Network Forensic Readiness: a bottom-up approach for IPv6 networks
A computer network is considered forensically ready, when crucial evidence for a forensic investigation is proactively collected and easily available. While the benefits of a forensically ready network are well understood, the exact information required to be collected to achieve forensic readiness is largely unknown. This thesis focuses on identifying and locating the information that is essential for successful forensic investigations in an IPv6 network. Without the knowledge of what information should be retained, the approach to achieving forensic readiness is likely to be unstructured and crucial information for an investigation might be missed.
This study conducted an empirical investigation to identify and extract forensic information from network protocol standards and related literature. Malicious and genuine network scenarios were run and retraced in a test bed to elicit the information that is significant for a forensic investigation. The network scenarios were grouped by network layer and the layers were processed bottom-up to resolve dependencies of the higher layers on the lower layers. A subset of network scenarios was exclusively used to ascertain the effectiveness of the identified information (hold-out approach).

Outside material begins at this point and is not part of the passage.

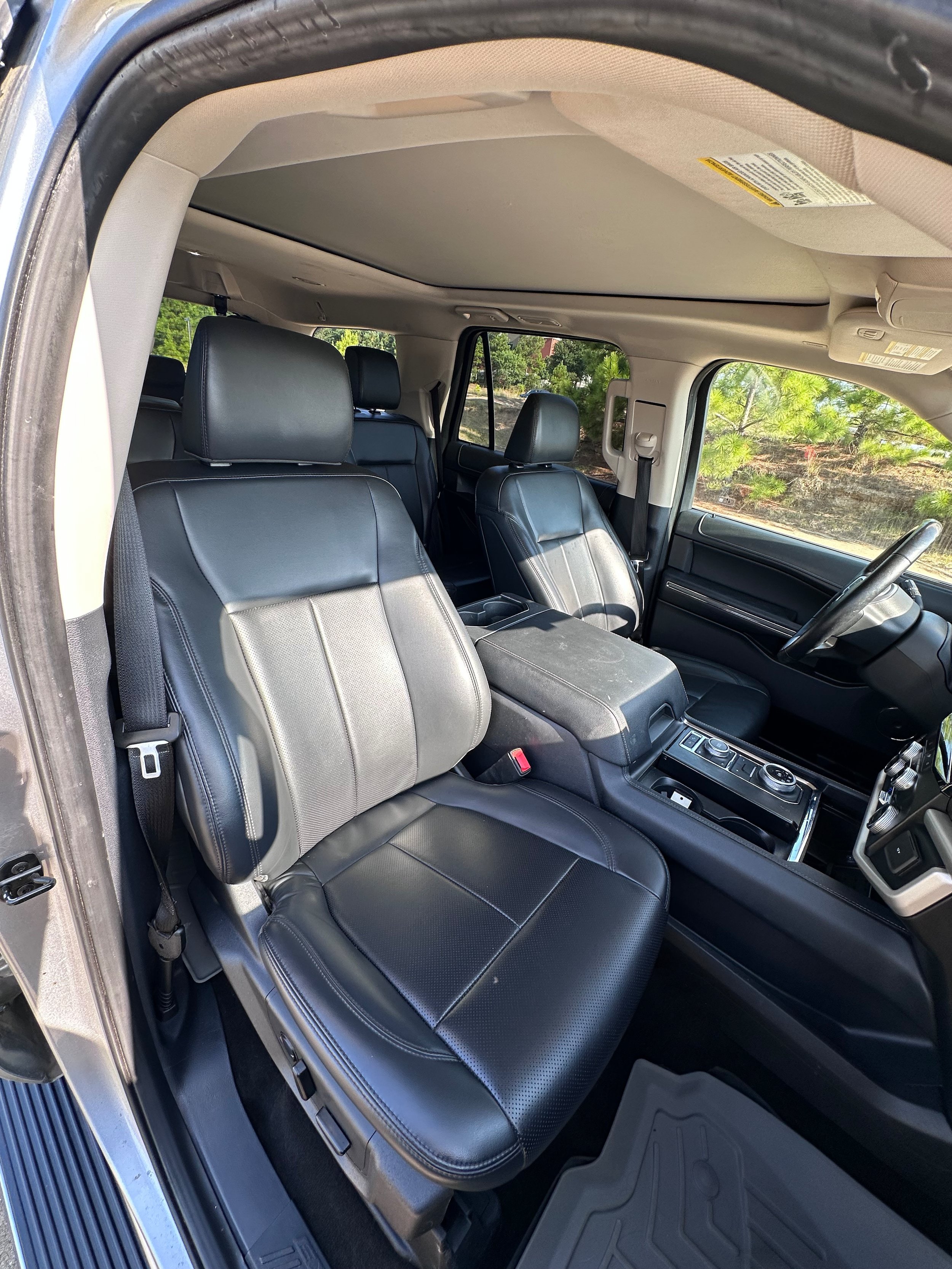 Used 2023 Ford Expedition XLT AWD/4WD image 25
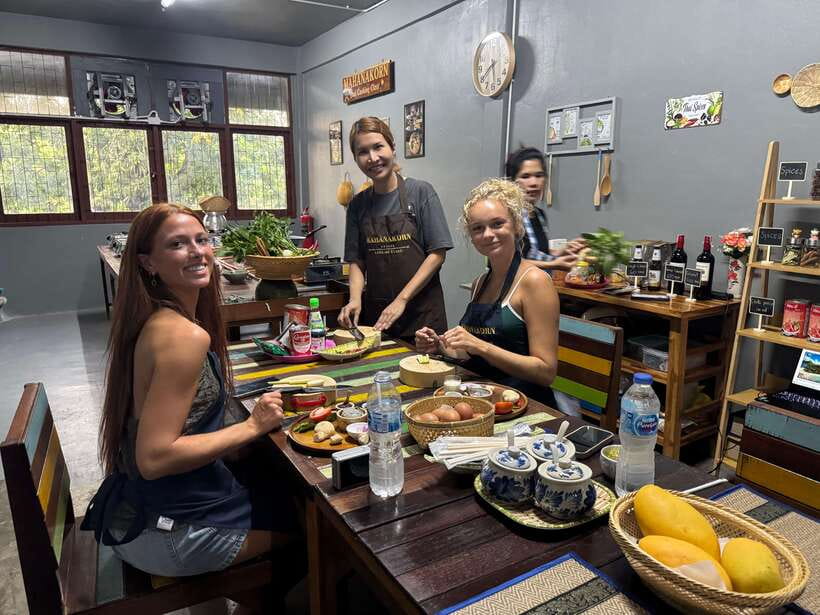 Bangkok: Authentic Thai Cooking Class with Local Host - Four dishes in three hours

This thesis identifies the information in an IPv6 network that is relevant for a successful forensic investigation. Further, the thesis also proposes an optimisation phase as an extension of the National Institute of Standards and Technology (NIST) forensic life-cycle. This phase allows to improve the forensic readiness further through the identification of missing information after conducting a forensic investigation in the network. Finally, design and deployment strategies for implementing a forensically ready network are outlined and recommendations are made for mastering key issues related to forensic readiness.